## Work instructions
Pick out the lines below that include the string "Hotel".

## Given data
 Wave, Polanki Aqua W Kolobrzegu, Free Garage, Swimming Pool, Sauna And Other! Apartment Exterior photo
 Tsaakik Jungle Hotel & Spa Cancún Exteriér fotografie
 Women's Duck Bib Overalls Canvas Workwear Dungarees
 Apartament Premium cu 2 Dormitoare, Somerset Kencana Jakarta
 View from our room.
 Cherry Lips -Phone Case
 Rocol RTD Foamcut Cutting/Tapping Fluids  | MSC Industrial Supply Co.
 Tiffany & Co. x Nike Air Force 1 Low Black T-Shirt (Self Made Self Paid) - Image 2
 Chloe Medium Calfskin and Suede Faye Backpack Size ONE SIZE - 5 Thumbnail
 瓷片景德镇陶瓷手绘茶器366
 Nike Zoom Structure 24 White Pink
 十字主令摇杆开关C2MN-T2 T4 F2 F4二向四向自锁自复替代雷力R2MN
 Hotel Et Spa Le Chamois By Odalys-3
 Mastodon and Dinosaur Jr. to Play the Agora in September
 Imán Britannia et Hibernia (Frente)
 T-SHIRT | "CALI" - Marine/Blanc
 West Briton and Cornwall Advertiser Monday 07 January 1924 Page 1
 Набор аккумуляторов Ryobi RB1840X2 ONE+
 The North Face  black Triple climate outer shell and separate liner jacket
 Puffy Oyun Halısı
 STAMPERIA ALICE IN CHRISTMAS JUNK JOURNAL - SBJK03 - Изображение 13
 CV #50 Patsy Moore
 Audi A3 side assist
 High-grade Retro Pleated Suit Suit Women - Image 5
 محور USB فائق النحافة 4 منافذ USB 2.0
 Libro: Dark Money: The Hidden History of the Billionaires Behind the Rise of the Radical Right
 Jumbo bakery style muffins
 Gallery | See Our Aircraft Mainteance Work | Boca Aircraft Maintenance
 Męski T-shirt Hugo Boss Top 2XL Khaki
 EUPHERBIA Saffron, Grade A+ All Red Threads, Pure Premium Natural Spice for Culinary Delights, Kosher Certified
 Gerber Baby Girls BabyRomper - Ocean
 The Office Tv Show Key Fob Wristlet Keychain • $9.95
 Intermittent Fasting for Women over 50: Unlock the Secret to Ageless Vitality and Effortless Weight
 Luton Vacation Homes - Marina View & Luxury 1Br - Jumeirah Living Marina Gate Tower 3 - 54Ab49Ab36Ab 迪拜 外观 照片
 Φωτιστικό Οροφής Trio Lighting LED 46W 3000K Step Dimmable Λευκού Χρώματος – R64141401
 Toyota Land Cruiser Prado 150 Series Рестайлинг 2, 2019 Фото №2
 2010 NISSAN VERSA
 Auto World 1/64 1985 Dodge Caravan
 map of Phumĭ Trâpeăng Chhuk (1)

## Reply to the task
 Tsaakik Jungle Hotel & Spa Cancún Exteriér fotografie
 Hotel Et Spa Le Chamois By Odalys-3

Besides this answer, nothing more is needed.